Sebelumnya, warga binaan hanya memotong batu. Mulai batu yang
berukuran kecil sampai besar. Mulai yang tipis hingga tebal. Semua
bergantung pada permintaan. Penataan batu dilakukan di pabrik. Namun,
kegiatan tersebut sempat terhenti pada awal 2015.
Saat itu, kondisi pasar sedang lesu. Bahan baku juga sering telat.
Ditambah lagi, tidak ada pemeliharaan terhadap mesin pemotong yang mulai
rusak. ”Mata pisau yang jadi ujung tombak malah telat,” ungkap Sumardi.
Akhirnya, kegiatan produksi batu tersebut dihentikan. Mesin-mesin
mangkrak selama dua tahun. Kondisinya memprihatinkan. Namun, awal tahun
ini, pemotongan batu mulai bergeliat lagi. Mesin-mesin diperbaiki.
”Sampai saat ini, baru empat mesin yang sudah berfungsi,” terang
Sumardi.
Rencananya, sebelas mesin lainnya akan kembali diaktifkan. Saat ini,
produksi masih minim. Maksimal hanya 500 kilogram per hari. Padahal,
pada dua tahun pertama, produksinya bisa mencapai 2 ton per hari.
Warga binaan yang dipekerjakan juga masih sedikit. Baru lima orang.
Kalau sudah normal, kegiatan tersebut diperkirakan bisa menyedot tenaga
kerja hingga 50 warga binaan. ”Semuanya hanya untuk kegiatan memotong
dan membersihkan batu,” tutur Sumardi.
Jumlah tenaga kerja yang dibutuhkan bakal semakin banyak. Sebab,
penataan batu rencananya dilaksanakan di dalam lapas. Saat ini, pihak
lapas sedang menyiapkan sarananya. Selain tenaga kerja yang terserap
banyak, keuntungannya lebih besar. ”Upah mereka akan naik tentunya,”
ujar Kepala Lapas Kelas I Surabaya Riyanto.
Pemotongan dan penataan batu itu bukan main-main. Biasanya, hasilnya
digunakan untuk membuat mozaik di lantai dan dinding. Kualitasnya pun
sudah diakui di luar negeri. Pemesannya berasal dari Thailand, Tiongkok,
hingga Jepang. ”Kesempatan kali ini harus dimanfaatkan betul. Jangan
sampai berhenti lagi,” harapnya.
Salah seorang warga binaan, Wahyudi, menyatakan senang dengan
kegiatan tersebut. Saat ini, dia punya kesibukan di lapas. Sebelumnya,
selama setahun mendekam di balik jeruji besi, dia lebih banyak tidur.

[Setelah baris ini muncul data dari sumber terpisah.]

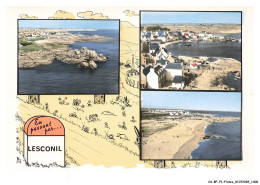 Delcampe - CS-BFP1-0651-29 - En Passant Par LESCONIL - PLOBANNALEC - Les Rochers - Vue Panoramique Du Port - La Plage - Plobannalec-Lesconil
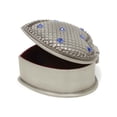 thumbnail image 3 of Supreme Housewares Vintage Heart with Blue Crystal Glass Pewter Hinged Jewelry Trinket Box with Magnetic Closure, 3 of 4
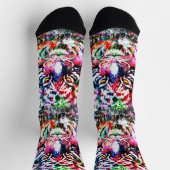 Tijger Sokken | Kleurrijke Tiger Head Sokken (Top)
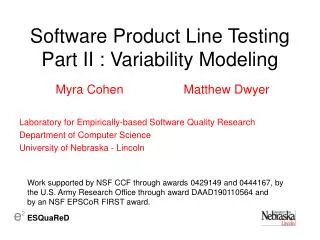 Software Product Line Testing Part II : Variability Modeling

”Ini masih belajar. Maklum, baru dua minggu,” ungkapnya.
Dia berharap kegiatan tersebut bisa membawa dampak positif. Terutama
selepas menyelesaikan masa hukuman kelak. Sebab, dia mengaku selama ini
tidak punya keahlian. Hingga narkoba datang dan membuatnya harus
meringkuk di bui. ”Nanti kalau sudah keluar, semoga saya bisa
mengaplikasikan keahlian ini,” ucap pria asli Surabaya itu.